À Richmond, le long débat sur la fluoration de l'eau s'est conclu en octobre dernier par la tenue d'une consultation publique. Environ 75 % ont alors voté pour cesser de fluorer leur eau potable, malgré la pénalité financière qu'engendrait le retrait du programme national de fluoration pour la municipalité.

« Pour nous, ce n'est rien de nouveau. J'ai parlé à Gilles Parent [naturopathe et coauteur du livre La fluoration : autopsie d'une erreur scientifique], qui milite depuis des années contre la fluoration de l'eau.
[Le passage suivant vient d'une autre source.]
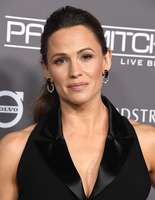 Jennifer Garner t-shirt #3795417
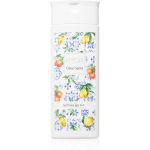 RYOR Citrus Spirit Du&scaron;igeel kolm-&uuml;hes 200 ml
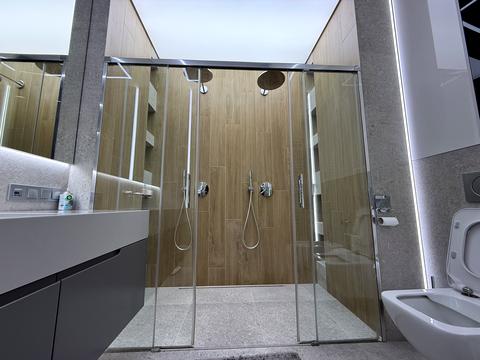 квартира за адресою Федорова Івана вул., 2-А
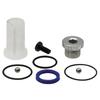 Seal Kit for PRB-PRBD GRANITE Hand Pumps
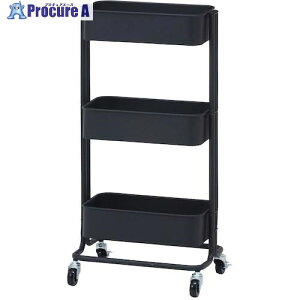 sf y݌Ɉ|Z[zLb`S oXPbg3i X ubN 14714 1 540-8517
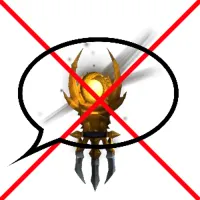 NoEvokerLegendary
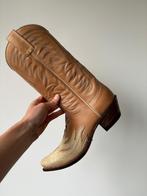 Sendra cowboylaarzen 43, Bruin, Nieuw, Ophalen of Verzenden, Hoge laarzen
Ça fait 20 ans que ces gens-là disent qu'il y a un lien évident entre l'hypothyroïdie et le fluor », souligne d'emblée le denturologiste et membre du Regroupement de citoyens, Richard Arsenault.

Il espère que cette étude secouera certains dirigeants au Québec. « Ce qui peut être nouveau pour nous, c'est qu'il y a de chances qu'un ministre comme Yves Bolduc, qui nous avait ri au nez quand on lui avait présenté une étude chinoise sur les dangers de la fluoration de l'eau [...] prenne au sérieux cette étude parce qu'elle est britannique », explique-t-il.

Il ne s'explique d'ailleurs pas pourquoi la Direction de santé publique (DSP), incluant ses directions régionales, défend la fluoration de l'eau potable. « On persiste à dire qu'il y a un consensus scientifique alors que c'est complètement faux. Je dirais plutôt qu'il y a un consensus politique », dénonce-t-il.

Selon M. Arsenault, les dentistes sont également moins nombreux à utiliser les traitements au fluorure pour protéger les enfants contre la carie dentaire. « Le taux de fluorose était rendu entre 40 à 50 % là où l'eau était fluorée », précise-t-il.

À la Direction de santé publique (DSP) de l'Estrie, on refuse pour l'instant de commenter cette récente étude. « On est en train d'en prendre connaissance », précise son porte-parole Ian Quirion, qui ignore toutefois qui de l'Institut national de santé publique du Québec ou des DSP régionales seront amenées à commenter.

Même si la fluoration de l'eau à Richmond prendra fin le 26 mars, Richard Arsenault affirme que son combat n'est pas encore terminé, puisqu'il a des petits-enfants qui vivent en Ontario. Dans cette province, 76 % de l'eau potable est fluorée, contre 3 % au Québec.